Task directions ::
Write again exactly the lines in the listing below, starting at the line with "草本之家 MACA瑪卡強複方30粒" and ending at the line with "WHIRLPOOL SF0140SRW3 Katalog Części", both included. Pictures are not copied.

Listed records ::
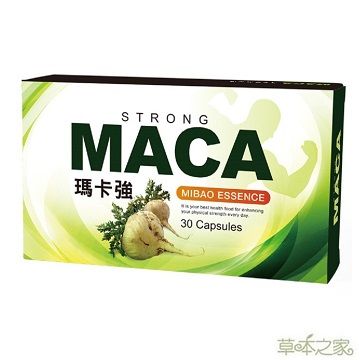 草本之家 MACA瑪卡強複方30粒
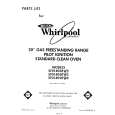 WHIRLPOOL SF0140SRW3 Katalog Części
==
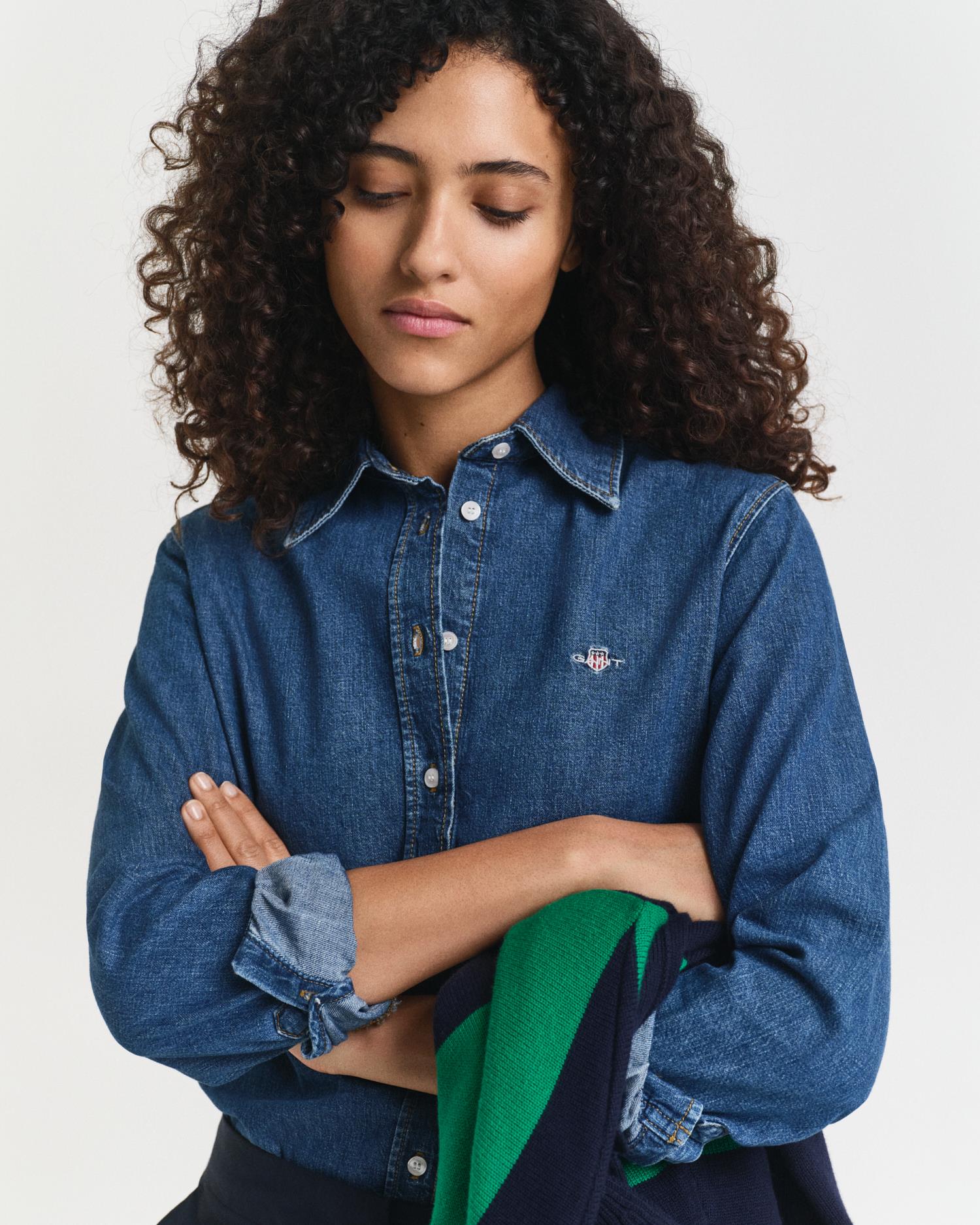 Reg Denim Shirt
==
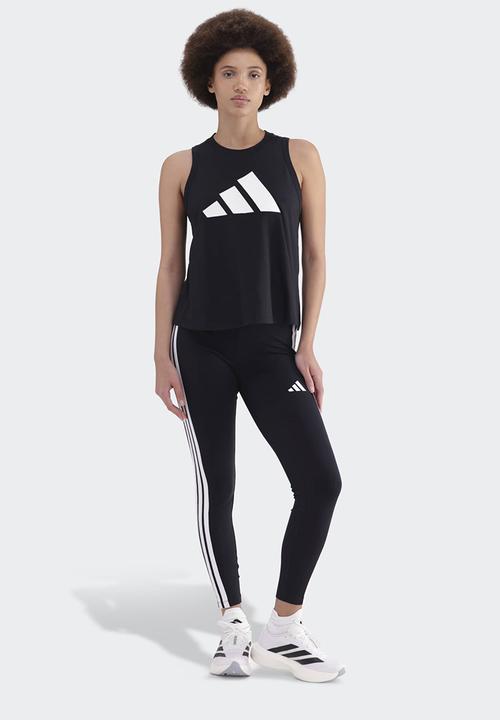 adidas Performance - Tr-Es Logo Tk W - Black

Exercise result ::
 草本之家 MACA瑪卡強複方30粒
 WHIRLPOOL SF0140SRW3 Katalog Części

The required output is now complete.